A very common problem in the type of retrofit you did is that water line.  It is not at all unusual to have the end (or sometimes elsewhere) on the steam mains drop to a wet return, and to have the ends of the dry returns drop to the same wet return.  If the water line is too low, there is no water seal between the to and steam gets into the dry returns -- presto, no heat.  The easiest solution, as you note, may be a false water line, since it sounds as though putting the new boiler up so that the water lines would be the same would then require a ladder for servicing!

Second, there should be no need for a vent on a two pipe radiator, although it won't hurt anything.  The air and condensate should go out -- usually through a trap, but sometimes through an orifice or other seal -- into the dry return; the air then goes to a main vent, and the water back to the boiler.  If the return from the two pipe radiators is yeouch hot (not just warm) you may be getting steam into the return through the radiator, which is another way to shut down a two pipe system.  Depending on the type of system, you may need to throttle those radiators which offend, or replace the trap or whatever to bring them back to design.

A one pipe radiator which doesn't heat isn't getting steam (yeah, I know, that's one of those remarks.  Oh well...).  Either the air isn't getting out -- bad vent -- or there is something, such as a sag or a badly pitched pipe -- which is letting condensate block the flow.  Or even a bad valve!  Or one which doesn't belong.  I would trace out the riser to those radiators when the system is running, and see how far along steam is getting -- that may produce a hint as to what's wrong.  Same sort of logic applies to a two pipe radiator, except for the vent.
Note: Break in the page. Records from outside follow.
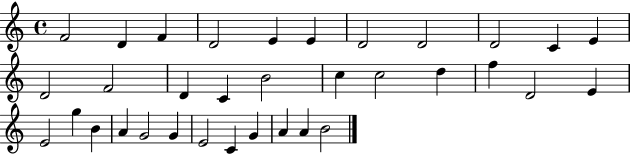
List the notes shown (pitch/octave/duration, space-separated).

F4/h D4/q F4/q D4/h E4/q E4/q D4/h D4/h D4/h C4/q E4/q D4/h F4/h D4/q C4/q B4/h C5/q C5/h D5/q F5/q D4/h E4/q E4/h G5/q B4/q A4/q G4/h G4/q E4/h C4/q G4/q A4/q A4/q B4/h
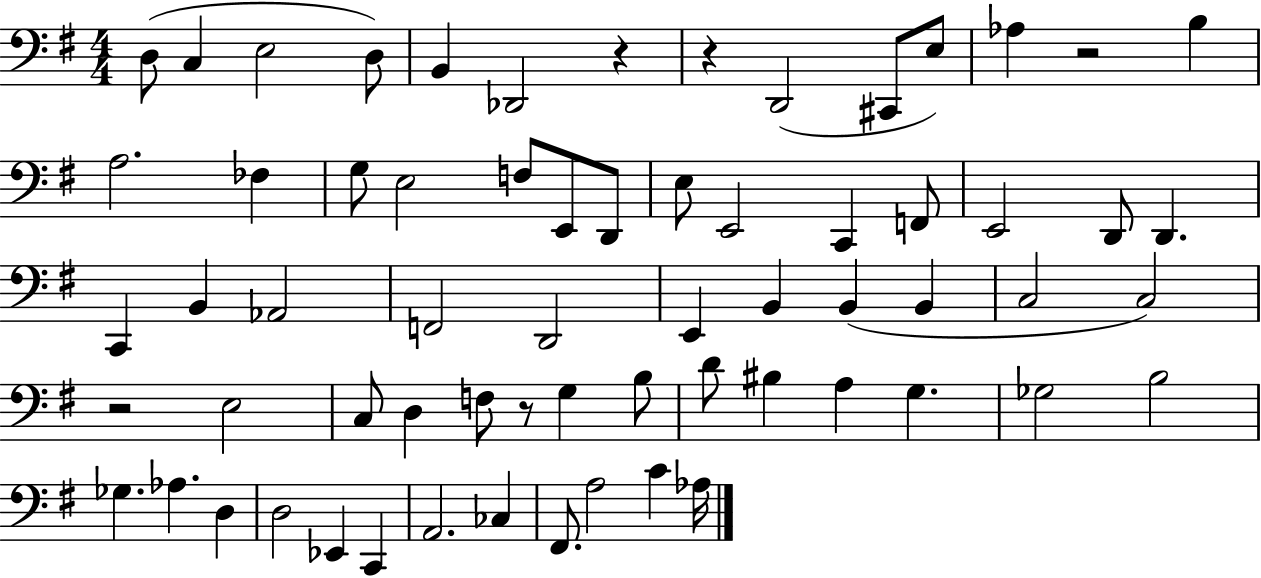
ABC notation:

X:1
T:Untitled
M:4/4
L:1/4
K:G
D,/2 C, E,2 D,/2 B,, _D,,2 z z D,,2 ^C,,/2 E,/2 _A, z2 B, A,2 _F, G,/2 E,2 F,/2 E,,/2 D,,/2 E,/2 E,,2 C,, F,,/2 E,,2 D,,/2 D,, C,, B,, _A,,2 F,,2 D,,2 E,, B,, B,, B,, C,2 C,2 z2 E,2 C,/2 D, F,/2 z/2 G, B,/2 D/2 ^B, A, G, _G,2 B,2 _G, _A, D, D,2 _E,, C,, A,,2 _C, ^F,,/2 A,2 C _A,/4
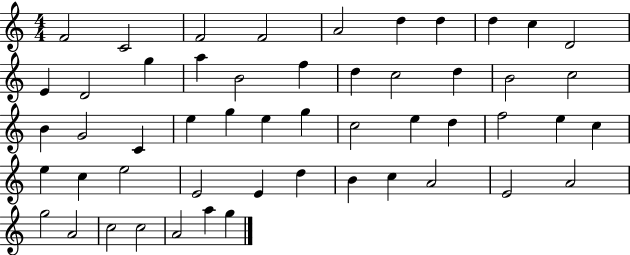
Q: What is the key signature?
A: C major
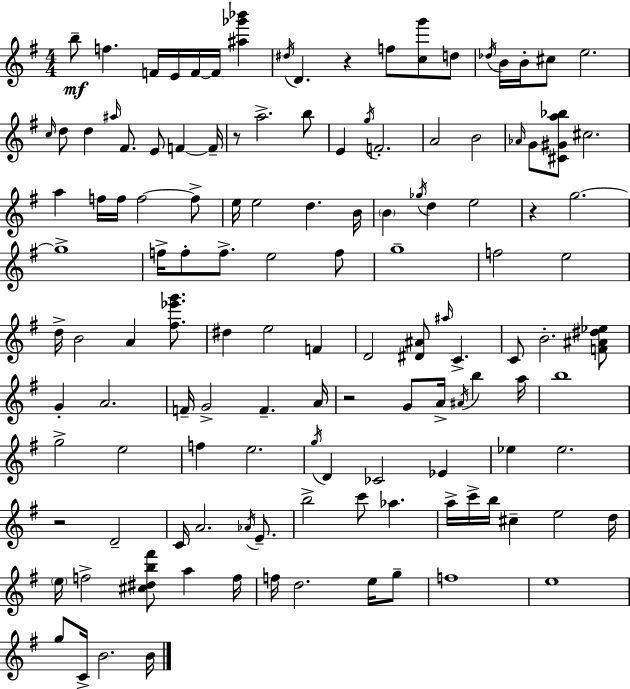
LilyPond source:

{
  \clef treble
  \numericTimeSignature
  \time 4/4
  \key e \minor
  b''8--\mf f''4. f'16 e'16 f'16~~ f'16 <ais'' ges''' bes'''>4 | \acciaccatura { dis''16 } d'4. r4 f''8 <c'' g'''>8 d''8 | \acciaccatura { des''16 } b'16 b'16-. cis''8 e''2. | \grace { c''16 } d''8 d''4 \grace { ais''16 } fis'8. e'8 f'4~~ | \break f'16-- r8 a''2.-> | b''8 e'4 \acciaccatura { g''16 } f'2.-. | a'2 b'2 | \grace { aes'16 } g'8 <cis' gis' a'' bes''>8 cis''2. | \break a''4 f''16 f''16 f''2~~ | f''8-> e''16 e''2 d''4. | b'16 \parenthesize b'4 \acciaccatura { ges''16 } d''4 e''2 | r4 g''2.~~ | \break g''1-> | f''16-> f''8-. f''8.-> e''2 | f''8 g''1-- | f''2 e''2 | \break d''16-> b'2 | a'4 <fis'' ees''' g'''>8. dis''4 e''2 | f'4 d'2 <dis' ais'>8 | \grace { ais''16 } c'4.-> c'8 b'2.-. | \break <f' ais' dis'' ees''>8 g'4-. a'2. | f'16-- g'2-> | f'4.-- a'16 r2 | g'8 a'16-> \acciaccatura { ais'16 } b''4 a''16 b''1 | \break g''2-> | e''2 f''4 e''2. | \acciaccatura { g''16 } d'4 ces'2 | ees'4 ees''4 ees''2. | \break r2 | d'2-- c'16 a'2. | \acciaccatura { aes'16 } e'8.-- b''2-> | c'''8 aes''4. a''16-> c'''16-> b''16 cis''4-- | \break e''2 d''16 \parenthesize e''16 f''2-> | <cis'' dis'' b'' fis'''>8 a''4 f''16 f''16 d''2. | e''16 g''8-- f''1 | e''1 | \break g''8 c'16-> b'2. | b'16 \bar "|."
}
Do not check a one pipe radiator's vent by removing it when the system is running -- if it is the vent, you'll get steam out of the resulting hole, which can burn very badly!  Also removes wallpaper...

Check your system pressure -- no more than a pound an a half, and less (say 10 to 12 ounces) is better, if your controls will let you do that.

Just a few thoughts -- by no means exclusive!

Er... blurp

@ October 24, 2009 6:06 PM in Where Did My Water Go?

losing that much water sounds to me like a honest to gosh leak in a wet return.  Under the carpet.  Under the concrete.  Sob.  Without knowing exactly how your system is hooked up, I can't suggest the best way to find it... maybe someone else has a bright idea?


@ October 24, 2009 6:02 PM in vaporstat

L408A, break on rise

Not normal!!! TURN IT OFF!!!

@ October 24, 2009 3:34 PM in Steam heater

Be happy that your pressure relief valve is working properly, because something else most assuredly isn't.  A residential boiler should never, ever go over a few psi (most fittings, valves, etc., are rated around 3 psi, with a never exceed of 10).

TURN OFF THAT BOILER NOW, with the emergency switch, and get a pro in there, pronto, to find out what's wrong.  I do not want to sound alarmist, but if that safety valve happened to stick shut, what you have could launch your whole house into low orbit.